If there isn't an equation and the points are entered using a teaching pendant then the controller must fit a curve between the points in a similar way that sercos controllers or Rockwell controller have coarse positions and fine positions. I have this all worked out several ways where one can have 4 points p(n-1), p, p(n+1) and p(n+2). Since the controller is at p and the current position, velocity and acceleration are known it is easy to compute the position, velocity and acceleration at p(n+1) using the four points. If finer interpolation is required then use 6 points p(n-2) ... p(n+3). This technique is essentially what motion controllers do in interpolate between points in cam tables. Our new controller can do this on the fly. This is a little like laying down train tracks just before the train.

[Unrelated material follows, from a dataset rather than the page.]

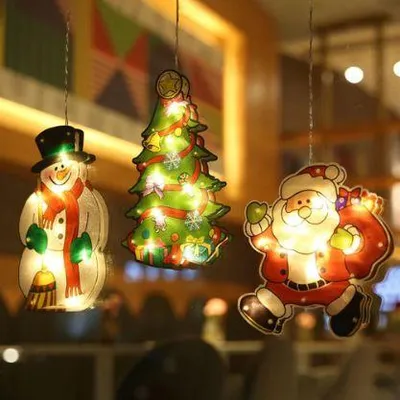Drei beleuchtete Weihnachtsfensterlichter: ein Schneemann, ein Weihnachtsbaum und der Weihnachtsmann, hängend vor einem unscharfen Hintergrund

In Greg's case the motion path is known the position, velocity and acceleration of the actuators each point can be precalculated using the inverse kinematics equations. Then it is easy for the motion controller to go from one point to another. The easy way is to use cubic splines. The cubic spline routines will only require an array of positions. The spline routines themselves will calculate the velocity and accelerations between points.
Our older controller works this way. The inverse kinematics is computed before hand on a spread sheet, the resultant points are copy and pasted into our curve tool and downloaded.

There is no need to calculate the velocities and accelerations. The motion tools should do that for you. You should sanity check the velocities and accelerations though.

If the motion path is not predetermined then one can't use cubic splines and calculating the motion profile with just the last four or 6 points is required.